- DIRECTIONS FOR THIS TASK: Transcribe the whole listing without a single picture.

- INFORMATION PROVIDED:
□ □ □ □
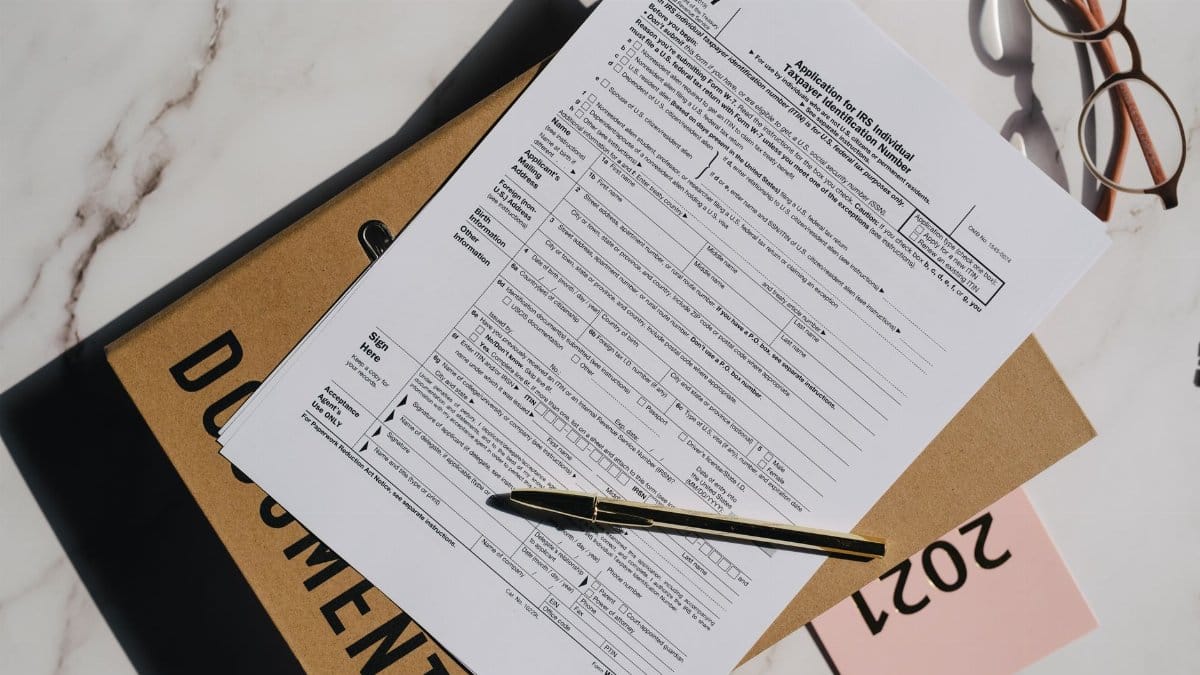Top view of a tax form with a pen and eyeglasses on a marble surface, perfect for finance themes.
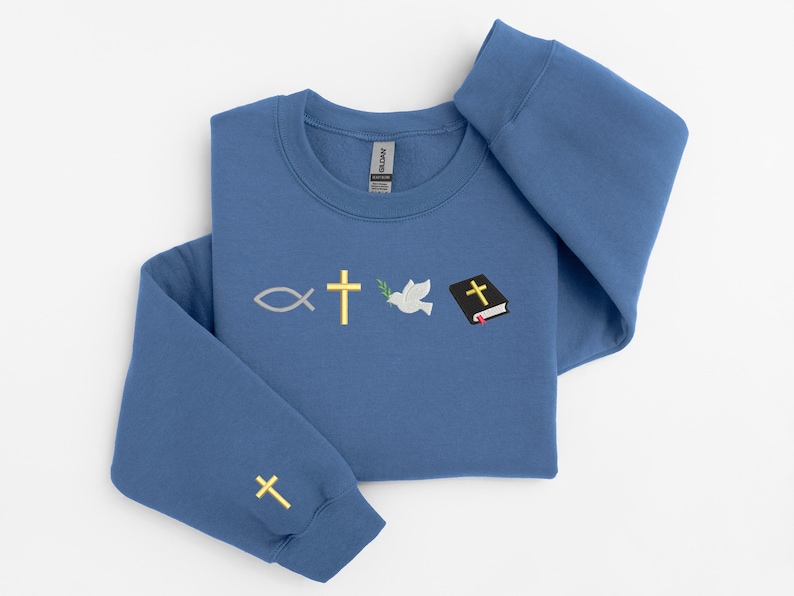 May include: A blue sweatshirt with embroidered religious symbols: a fish, a cross, a dove with an olive branch, and a closed book with a cross on the cover. There is also a small cross embroidered on the left sleeve.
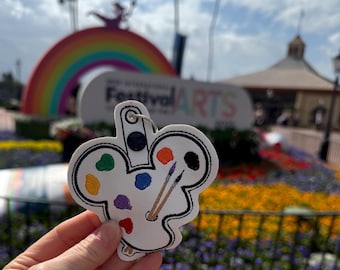 May include: A white Mickey Mouse-shaped keyring with a paint palette and paintbrushes. The keyring is in front of a rainbow arch and the words "Festival of the Arts".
□ □ □ □
- TASK SOLUTION:
Top view of a tax form with a pen and eyeglasses on a marble surface, perfect for finance themes.
 May include: A blue sweatshirt with embroidered religious symbols: a fish, a cross, a dove with an olive branch, and a closed book with a cross on the cover. There is also a small cross embroidered on the left sleeve.
 May include: A white Mickey Mouse-shaped keyring with a paint palette and paintbrushes. The keyring is in front of a rainbow arch and the words "Festival of the Arts".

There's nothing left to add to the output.